Peaches learned how to Sit and Down today. This puppy is super smart and very motivated
to work. She is so fun to work with.
TIP #1: BARRIER FRUSTRATION BARKING
This type of barking often comes with posturing such as snarling or baring of teeth. The three most common occurrences are: Dogs left in a backyard too long, dogs in cars, or dogs on leash that would be perfectly comfortable with whatever they are barking at (most often other dogs) if they were off leash.
With very social dogs, more time spent playing with other dogs and less time spent behind a barrier will greatly improve the problem. Not-so-social dogs first need to learn to enjoy other dogs. In the meantime, avoid unsupervised time in the yard or car.
In either case, always give your dog a treat when he sees another dog but can’t say hi.
TIP #2: RESOURCE GUARDING COMES IN MANY FORMS
The catch-all, technical term of "resource-guarding" can include guarding of dog food bowls (or food), place (dog crate, dog bed, sofa, etc.) items (rawhide, bones, balls, tissues, etc.) and less commonly, people.

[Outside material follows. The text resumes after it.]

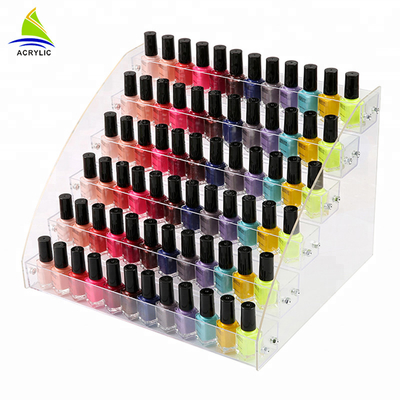 Organizzatore materiale acrilico del cosmetico del supporto del supporto della bottiglia dello smalto dell'esposizione cosmetica acrilica a file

Resource-guarding simply means that a dog gets uncomfortable when we (or other animals) are around him when he has "his stuff." He's nervous that we're going to take it away, so he tries to warn us off in a variety of ways, ranging from simply consuming his food faster, to an all-out bite.
During resource-guarding, dogs exhibit components of ritualized aggression. That is, they have a fairly explicit hierarchy of warnings - accelerated eating, cessation of eating or "freezing up," glassy/hard eyes, growling, lip lifting, snapping, biting - that they'll run through to get a competitor (YOU!) to back away from what they have. They're nervous that you're there and don't want to share.
A dog can move from a growl to a serious bite in a matter of seconds. That's why trainers often hear the cry, "he bit without warning!" More often than not, there was a warning, somewhere, sometime - we just missed it.